Closed LiewFeng closed 1 year ago
Hi, can I ask how much GPU memory can afford the training of this model? I need to evaluate if my GPU memory is enough to try it.
@LiewFeng
@sunnyHelen ~18G.
Ok. Thanks a lot~
@LiewFeng That's very strange. Can you provide more details of your training? For example, what commond do you run, the batch size, and how much time is spent in both cases .
Hi, @Cc-Hy .Sorry for the late reply. The command is the same as that provided by the GETTING_STARTED.md. I didn't modify the batch size. For 1 GPU setting, it takes about 10 mins for the first epoch. It should take 10 hours for 60-epoch training. However, it only takes 5 hours, which is really strange. For 2 GPU setting, it takes about 6 mins for the first epoch. It should take 6 hours for 60-epoch training. It only takes 6hours, which is normal. Another phenomenon is that the cpu utilization of 1 GPU setting is high, while that of 2 GPU setting is really low.
Experiments are conducted on kitti train.
@LiewFeng Hi, it seems your 2 GPU training time is close to mine. It takes ~ 6 minutes for each epoch and I use 2 NVIDIA GeForce RTX 3090. And it takes ~ 12 minutes for each epoch when I use one GPU.

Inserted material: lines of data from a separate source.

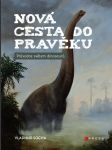 Nová cesta do pravěku socha vladimír - náhled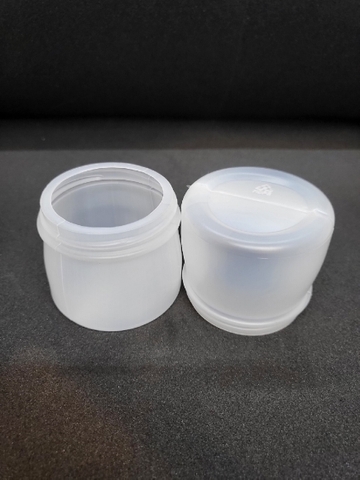 Hũ sữa chua 100ml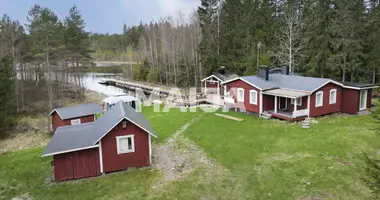 Chalet 2 chambres dans Mynamaki, Finlande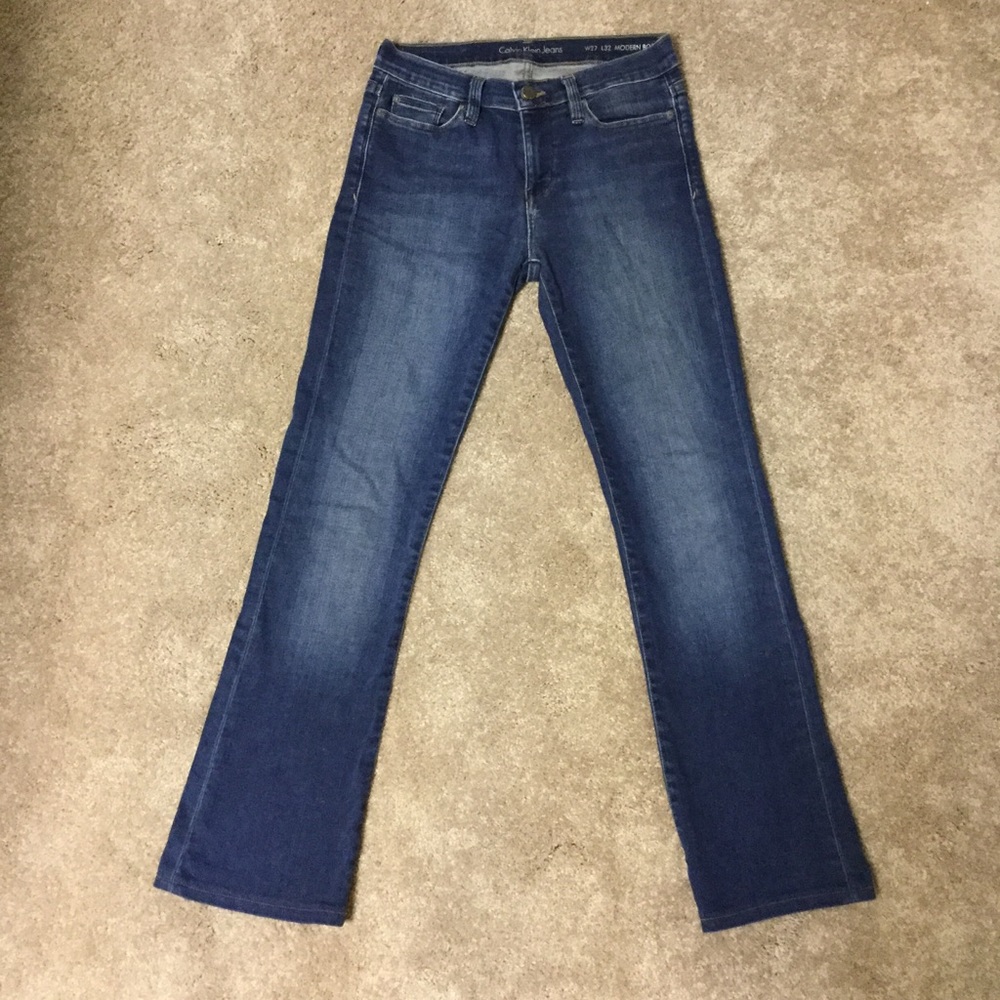 Calvin Klein Jeans Modern Boot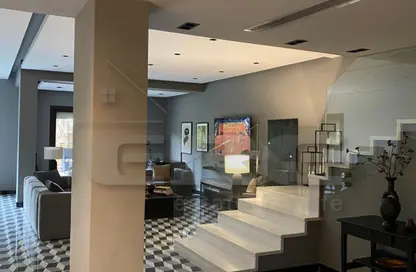 Villa - 4 Bedrooms - 4 Bathrooms for sale in Mivida - 5th Settlement Compounds - The 5th Settlement - New Cairo City - Cairo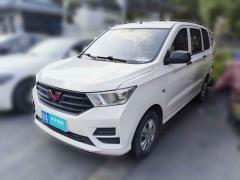 [杭州·浙A] 五菱汽车五菱宏光2019款 1.5L S基本型国VI LAR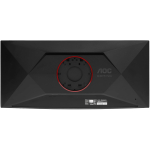 Монитор AOC 34" Gaming CU34G4, VA LED 3440x1440 180Hz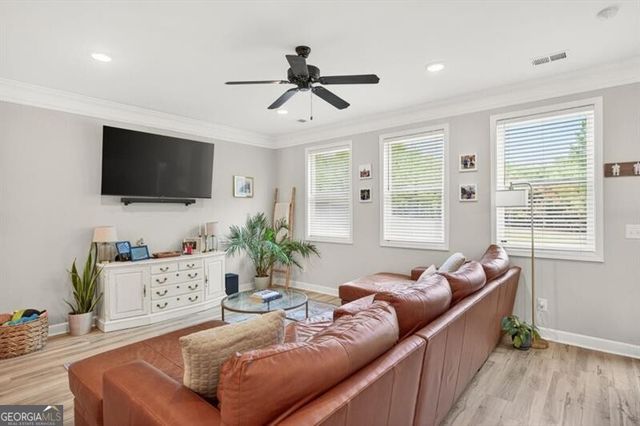 3374 Verdi Lane, Kennesaw, GA 30144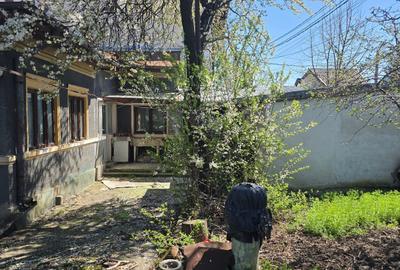 Casă individuală cu 3 camere cu Canalizare în Bucureștii Noi - 8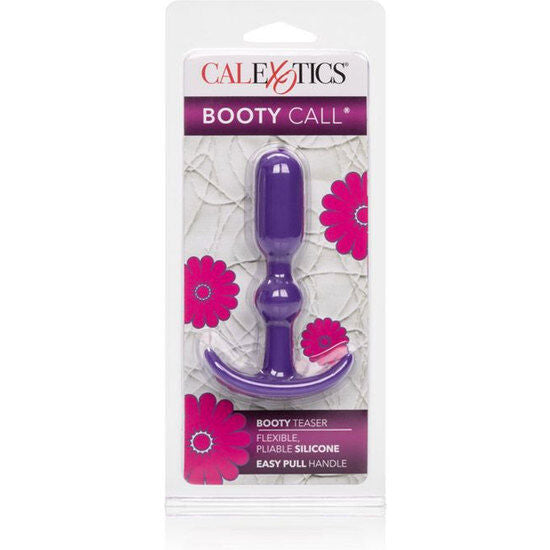 CALEXOTICS - BOOTY CALL BOOTY TEASER BLUE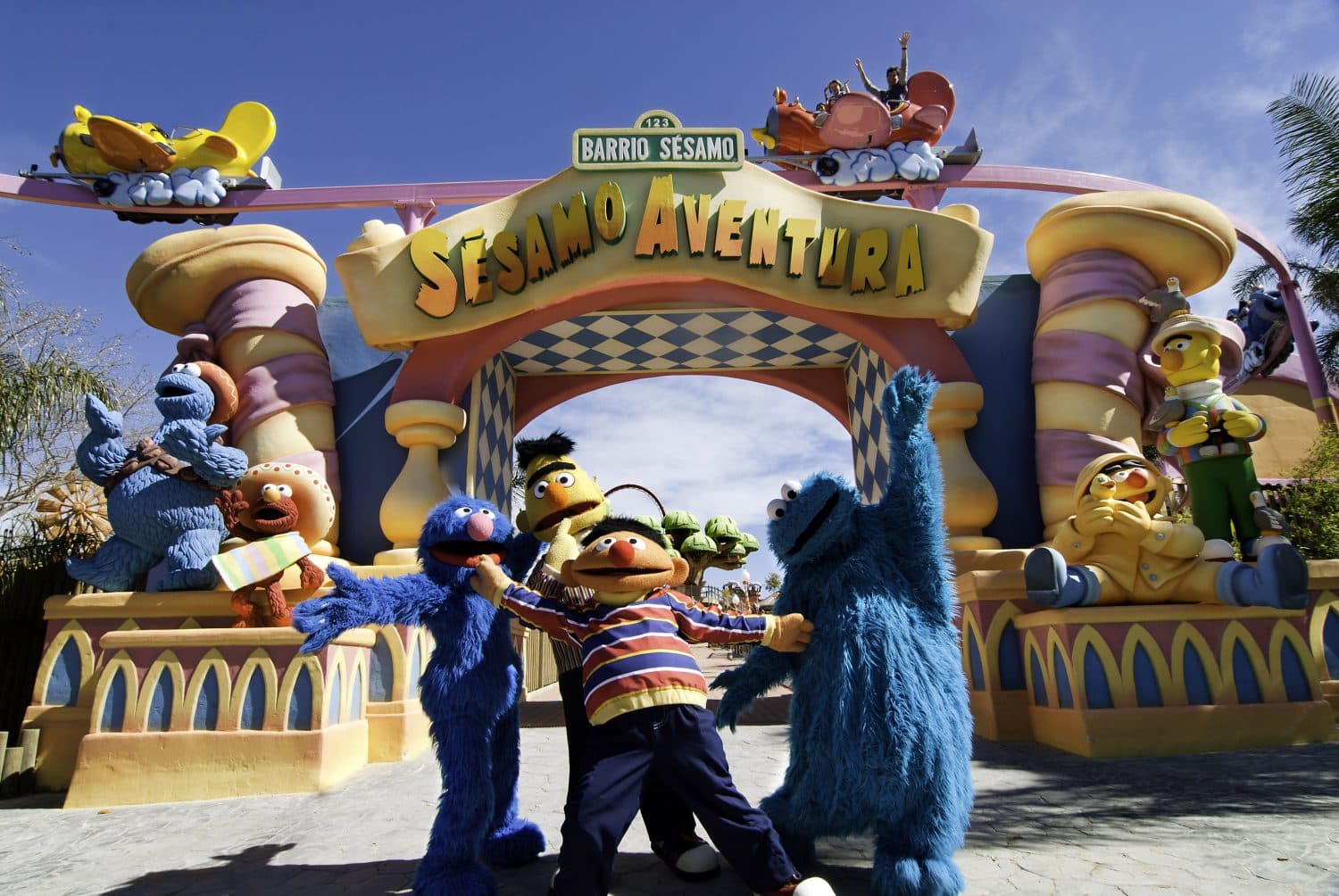 Port Aventura proposera un nouveau dark-ride pour 2019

So I think your 2 GPU training time is normal. But if your GPUs are really working at very low utilization, you may check your CPU status. I once met this situation where my CPU was suffering from a bottleneck and the GPU could not work fully.
Hi, @Cc-Hy . I figure it out. The reason is the version of pytorch. When I run the experiment with 1 GPU, the pytorch version is 1.10. When I try to run with 2 GPUs, it gets stuck. Then I turn to pytorch 1.8 and it can work, but 2x slower. I am using A 100. It's about 2x faster than 3090. I still get stuck with 2GPU. It seems it's solved in OpenPCDet. Sadly, it doesn't work for me.
Hi, @Cc-Hy .When I train the model on kitti train, 2 GPUs takes more time than 1 GPU, which is really strange. Do you encounter this pthenomenon?